Were "Brushy Bill" Roberts and Billy the Kid the Same Person?
Part of the plot of the 1990 Western Young Guns II, "Brushy Bill" Roberts claimed to have been the famed outlaw Billy the Kid, and surprisingly enough, many people believed him
History tells us that Billy the Kid died at the hands of his sometimes friend, often foe, Pat Garrett on the night of July 14, 1881. But did he? Or did Billy escape to lead a long, uneventful life in Texas? It’s a question that’s intrigued the curious and historians for decades.
This possibility is explored in the 1990 movie Young Guns II.
Young Guns II is an American western action film released in 1990 as a sequel to Young Guns. It was written by John Fusco and directed by Geoff Murphy. The movie follows the life of Billy the Kid as played by Emilio Estevez.
For a Hollywood movie, it sticks surprisingly closely to the accepted narrative of known facts about Billy during the Lincoln County Wars until his reported death in 1881.
Brief Synopsis
At the time of the Lincoln County Wars—a conflict between cattlemen over ranches and politics in Lincoln County, New Mexico Territory—Billy the Kid rode with a group called the “Regulators.” They were a group of skilled gunmen who planned to avenge the death of their ally John Tunstall, the first man killed in the ‘war.’
As the film opens, Billy the Kid, along with fellow outlaws Dave Rudabaugh and Pat Garrett, have formed a new gang. New Mexico’s governor, Lew Wallace, has issued arrest warrants for everyone involved in Lincoln County’s War.
Billy’s friend Doc Scurlock (who lives peacefully as a schoolteacher in New York) is arrested and imprisoned. Another Regulator, Jose Chavez y Chavez, is also captured. It’s up to Billy to lead the jailbreak and set them free. The plan is to escape and head to Mexico and freedom.
At some point in real life and on-screen, Billy the Kid meets with Governor Lew Wallace and is promised a pardon. There’s only one catch. The Governor wants Billy to testify against two other men.

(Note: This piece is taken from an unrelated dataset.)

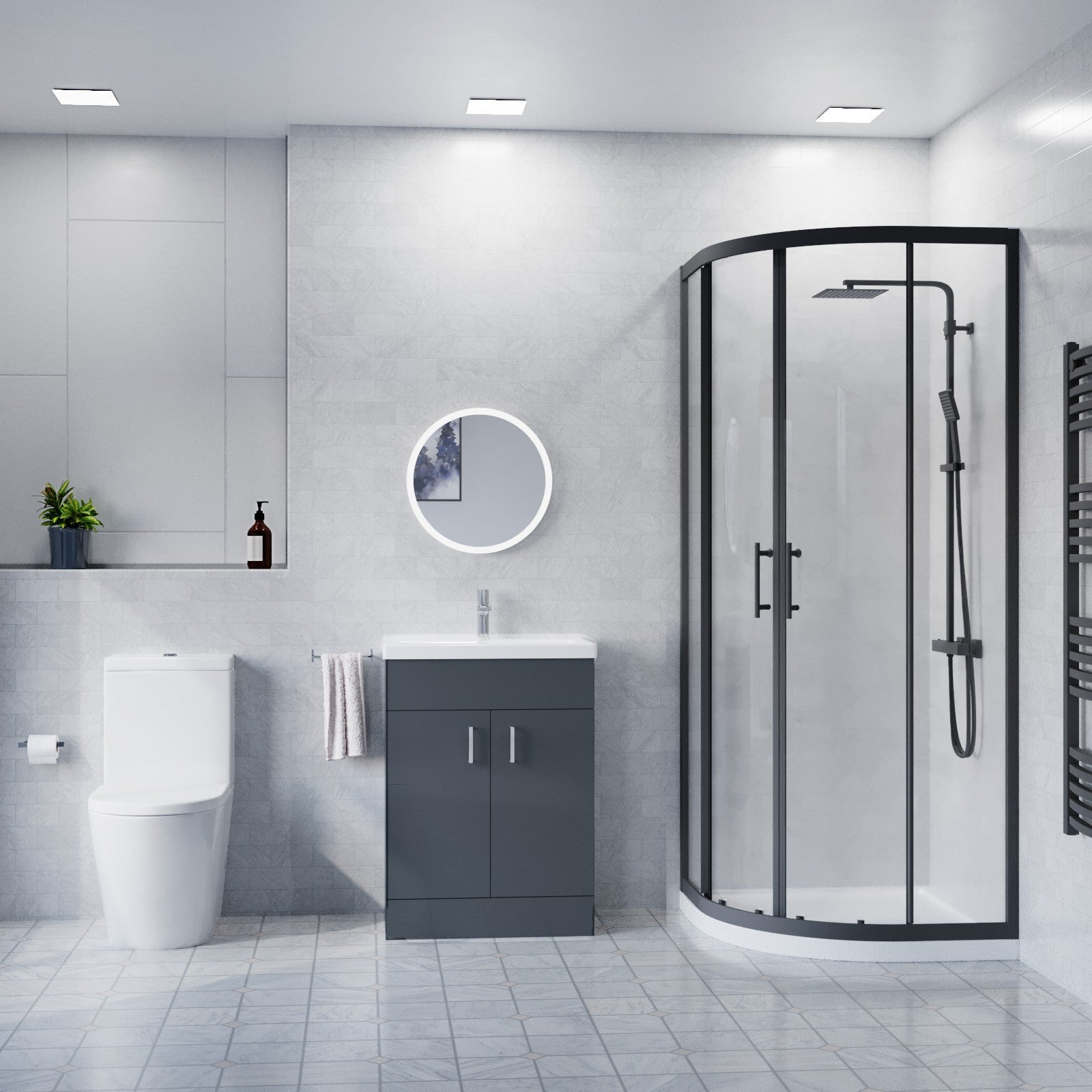 600mm Floor Standing Vanity With Ceramic Basin & Close Coupled Toilet, 900mm Quadrant Screen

Billy soon discovers it’s a trick and that he has no hope of escape. So far, the real-life facts match the movie version. As seen in the movie, Billy does escape when a companion drops a gun down the hole in an outhouse.
As he escapes, Billy shoots and kills two deputies.
Eventually, Pat Garrett is hired as Lincoln County Sheriff and given a hefty sum by a rancher to find and kill Billy the Kid. Garrett tracks the Kid to Pete Maxwell’s boarding house, and the rest, as they say, is history. Or is it?
Did Billy the Kid Escape?
Young Guns II is narrated by an older man, Brushy Bill Roberts, who’s telling the story to a historian—a lawyer named Charles Phalen.
Brushy Bill’s purpose in telling the story is to gain a pardon—promised years earlier by Governor Lew Wallace of New Mexico Territory to Billy the Kid.
Why is it so important to Brushy Bill? He claims he is the Kid!
Is it possible?
Who Was Brushy Bill Roberts?
While the movie uses the narration of Brushy Bill Roberts to frame the plotline, is there any truth in such a person’s existence? Actually, there is.
In early 1949, a lawyer named William Morrison had a client who claimed to be an outlaw named Jesse Evans. Evans told Morrison about another outlaw living in secret as Ollie Roberts of Hico, Texas. The man’s alias was Brushy Bill Roberts aka Billy the Kid.
Intrigued, Morrison set out to interview Brushy Bill. He became so convinced of Brushy Bill’s identity as Billy the Kid that he wrote a book, Alias Billy the Kid, published in 1955.